EXERCISE GOAL:
What appears from the first line of the records below through the line containing "Woman in a gray" must be reproduced verbatim.

[RAW DATA — start]

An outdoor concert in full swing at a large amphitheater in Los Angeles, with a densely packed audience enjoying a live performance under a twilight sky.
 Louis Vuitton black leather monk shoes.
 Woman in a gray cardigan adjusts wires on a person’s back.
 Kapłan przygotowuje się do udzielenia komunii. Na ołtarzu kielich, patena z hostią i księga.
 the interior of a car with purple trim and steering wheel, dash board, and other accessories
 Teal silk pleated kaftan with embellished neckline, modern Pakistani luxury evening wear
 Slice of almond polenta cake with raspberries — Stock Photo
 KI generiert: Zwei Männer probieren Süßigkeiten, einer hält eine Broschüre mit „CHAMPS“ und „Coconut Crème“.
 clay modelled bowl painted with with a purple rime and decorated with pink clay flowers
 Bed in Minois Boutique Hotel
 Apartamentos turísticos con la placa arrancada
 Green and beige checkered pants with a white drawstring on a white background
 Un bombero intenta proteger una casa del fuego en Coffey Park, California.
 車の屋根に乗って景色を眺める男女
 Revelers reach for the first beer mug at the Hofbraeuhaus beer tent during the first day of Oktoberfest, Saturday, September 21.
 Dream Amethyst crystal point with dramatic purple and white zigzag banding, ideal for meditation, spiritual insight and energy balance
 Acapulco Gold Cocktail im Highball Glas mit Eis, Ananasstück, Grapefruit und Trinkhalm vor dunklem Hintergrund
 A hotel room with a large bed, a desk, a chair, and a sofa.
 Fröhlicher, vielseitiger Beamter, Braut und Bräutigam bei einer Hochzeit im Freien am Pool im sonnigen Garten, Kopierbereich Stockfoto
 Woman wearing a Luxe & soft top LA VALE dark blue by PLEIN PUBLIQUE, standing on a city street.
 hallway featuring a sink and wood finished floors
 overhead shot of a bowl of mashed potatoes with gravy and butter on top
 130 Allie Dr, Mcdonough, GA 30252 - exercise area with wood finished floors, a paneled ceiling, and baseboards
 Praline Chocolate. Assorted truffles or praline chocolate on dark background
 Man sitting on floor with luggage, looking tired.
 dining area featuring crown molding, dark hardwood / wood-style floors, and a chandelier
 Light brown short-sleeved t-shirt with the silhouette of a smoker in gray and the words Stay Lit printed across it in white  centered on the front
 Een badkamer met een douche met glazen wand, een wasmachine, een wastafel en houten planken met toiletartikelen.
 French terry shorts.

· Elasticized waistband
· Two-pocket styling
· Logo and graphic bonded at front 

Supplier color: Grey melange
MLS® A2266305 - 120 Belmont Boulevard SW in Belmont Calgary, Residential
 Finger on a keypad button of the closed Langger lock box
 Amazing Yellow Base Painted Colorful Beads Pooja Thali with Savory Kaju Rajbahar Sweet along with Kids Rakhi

[RAW DATA — finish]

SOLUTION:
An outdoor concert in full swing at a large amphitheater in Los Angeles, with a densely packed audience enjoying a live performance under a twilight sky.
 Louis Vuitton black leather monk shoes.
 Woman in a gray cardigan adjusts wires on a person’s back.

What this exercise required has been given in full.